The sheer amount of music going on means that Oxford has a demand for lots of conductors all the time – I once calculated that there were more than 30 large ensemble concerts a term – so it’s pretty relaxed in terms of competition as well. The unfortunate thing about conducting in Oxford, however, is that the sheer amount of academic work stops you from being able to prepare as much as you’d like. Luckily, I’m very willing to sacrifice my degree. 

What have you been working on recently?  

My mind at the moment is totally occupied by our anniversary concert of the Lumière Ensemble Oxford, happening on Wednesday 14th June in New College Chapel (look us up on Facebook or Instagram!). We’re playing what I think has become my favourite piece of all time, Schönberg’s Pelleas and Melisande.

Other than LEO, this is what I’ve been doing the past four weeks: in 5th week I had the Oxford University Orchestra concert – we’re conducted by professionals, so that wasn’t me, but I am Manager and so had a wonderful time organising; as a conductor in 6th week, I was plunged into daily rehearsals with OU Sinfonietta, where we played an exciting programme of Shostakovich and Kurt Weill for a concert at the end; and I’ve just finished a run of The Sorcerer with the Gilbert and Sullivan society which has given me a newfound respect for anyone who conducts opera. I feel a lot older. 

What has been a favourite memory of conducting or playing in Oxford? 

Very hard to pick. Conducting probably anything with the Lumière Ensemble Oxford, who are just the most incredible musicians and instrumentalists. I am biased because I set it up with Izzie Thorneycroft and Carlotta Rothenfusser, and so it’s been very close to my heart.

My highlight was a concert of Debussy’s Prélude à l’après-midi d’un faune, and Milhaud’s La création du monde in Michaelmas where we finished it all off by accompanying a film to Pierné’s Giration. The energy was just thrilling. Playing-wise, it sounds silly but Merton Winter Ball, where my quartet accompanied the ballroom dancing with arrangements of All Of Me and Feel It Still. The handsome fee and free drinks probably helped though… 

Tell us a bit about your creative process in the role: how do you go about score study and how much creative licence away from the score do you allow yourself? 

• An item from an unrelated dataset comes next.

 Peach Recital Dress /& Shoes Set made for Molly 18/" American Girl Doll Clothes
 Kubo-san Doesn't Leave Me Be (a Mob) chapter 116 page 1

Well, I tell everyone that I don’t listen to recordings before reading a score for the first time. I do try, I promise, but inevitably I run out of time and try to learn by osmosis, holding my phone up to my ear as I cycle to my audition; but if I’m doing it properly, I try to hear the score in my head, mark in phrase lengths, jot down the harmony and highlight a couple of important cues, and then it’s just about internalising. 

The second part of the question about creative licence comes down to the age-old question: “What is music?”. There was a phase in the twentieth century where music was the score and nothing else, but now there has been a massive shift by musicologists towards reconceptualising music as performance. This difference was embodied earlier by Toscanini and Furtwängler, two massive conductors of the early-mid twentieth century. Toscanini worked with lots of German orchestras and didn’t know much German, but one of the few phrases he did know was ‘Hier steht…’, which translates to ‘it says here…’, followed by a remark about the score – you can see what his priorities were. When Furtwängler went to see his rendition of Beethoven’s 9th symphony, he walked out after the first movement and called him a “bloody metronome”. How dare the sextuplets at the opening of the piece actually be sextuplets! I think, for modern-day conductors, including me, it’s much more of a halfway house. You should be able to justify an interpretative decision with reference to the music, but the score is not the word of the Lord.

Your favourite piece to conduct? 

Schönberg’s Pelleas und Melisande, without a doubt. Although anything with a fast time signature changes makes me look good so…

No, in all seriousness, the emotional complexity and structural complexity is an ever-giving source of excitement for me, and I’m starting to see why Liszt thought that the tone-poem was the ultimate musical form. 

How do you feel about the accessibility of your lifestyle, being a classicist who conducts?

I don’t want to speak to anyone else’s experience, and I’d encourage you to talk to other musicians about this, but accessibility is a very big problem. I think it manifests itself slightly differently: in Classics, the private/state school divide is considerable, and in music, because a lot of tuition occurs outside of the school environment, there’s an access problem in that sense. With this said, the schooling situation is still a huge problem because a lot of people get into music through school.

I was very lucky that my school in Bonn at the time had an orchestra and was encouraging children to pick up the viola, but yes, investment into music education, which is sorely lacking in the UK, is crucial for the survival of the arts.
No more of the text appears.